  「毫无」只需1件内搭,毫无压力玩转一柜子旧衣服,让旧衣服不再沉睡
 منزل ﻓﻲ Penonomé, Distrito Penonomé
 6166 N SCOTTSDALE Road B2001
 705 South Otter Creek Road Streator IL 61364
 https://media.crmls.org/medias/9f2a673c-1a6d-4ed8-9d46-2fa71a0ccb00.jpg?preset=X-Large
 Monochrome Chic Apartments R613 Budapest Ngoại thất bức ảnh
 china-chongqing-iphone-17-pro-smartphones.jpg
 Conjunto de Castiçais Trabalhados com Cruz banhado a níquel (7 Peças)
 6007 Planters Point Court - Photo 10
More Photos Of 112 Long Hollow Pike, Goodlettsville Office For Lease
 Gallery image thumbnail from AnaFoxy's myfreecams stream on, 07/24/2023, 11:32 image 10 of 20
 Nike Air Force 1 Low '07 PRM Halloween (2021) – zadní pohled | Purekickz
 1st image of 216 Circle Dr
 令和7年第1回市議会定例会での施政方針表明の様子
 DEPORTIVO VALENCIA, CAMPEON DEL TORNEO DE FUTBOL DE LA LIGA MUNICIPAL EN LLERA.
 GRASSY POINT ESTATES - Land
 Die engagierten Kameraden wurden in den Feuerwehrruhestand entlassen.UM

────────────────────────────────────────

The problem
Exactly as written, please output every entry.

Result
  「毫无」只需1件内搭,毫无压力玩转一柜子旧衣服,让旧衣服不再沉睡
 منزل ﻓﻲ Penonomé, Distrito Penonomé
 6166 N SCOTTSDALE Road B2001
 705 South Otter Creek Road Streator IL 61364
 https://media.crmls.org/medias/9f2a673c-1a6d-4ed8-9d46-2fa71a0ccb00.jpg?preset=X-Large
 Monochrome Chic Apartments R613 Budapest Ngoại thất bức ảnh
 china-chongqing-iphone-17-pro-smartphones.jpg
 Conjunto de Castiçais Trabalhados com Cruz banhado a níquel (7 Peças)
 6007 Planters Point Court - Photo 10
More Photos Of 112 Long Hollow Pike, Goodlettsville Office For Lease
 Gallery image thumbnail from AnaFoxy's myfreecams stream on, 07/24/2023, 11:32 image 10 of 20
 Nike Air Force 1 Low '07 PRM Halloween (2021) – zadní pohled | Purekickz
 1st image of 216 Circle Dr
 令和7年第1回市議会定例会での施政方針表明の様子
 DEPORTIVO VALENCIA, CAMPEON DEL TORNEO DE FUTBOL DE LA LIGA MUNICIPAL EN LLERA.
 GRASSY POINT ESTATES - Land
 Die engagierten Kameraden wurden in den Feuerwehrruhestand entlassen.UM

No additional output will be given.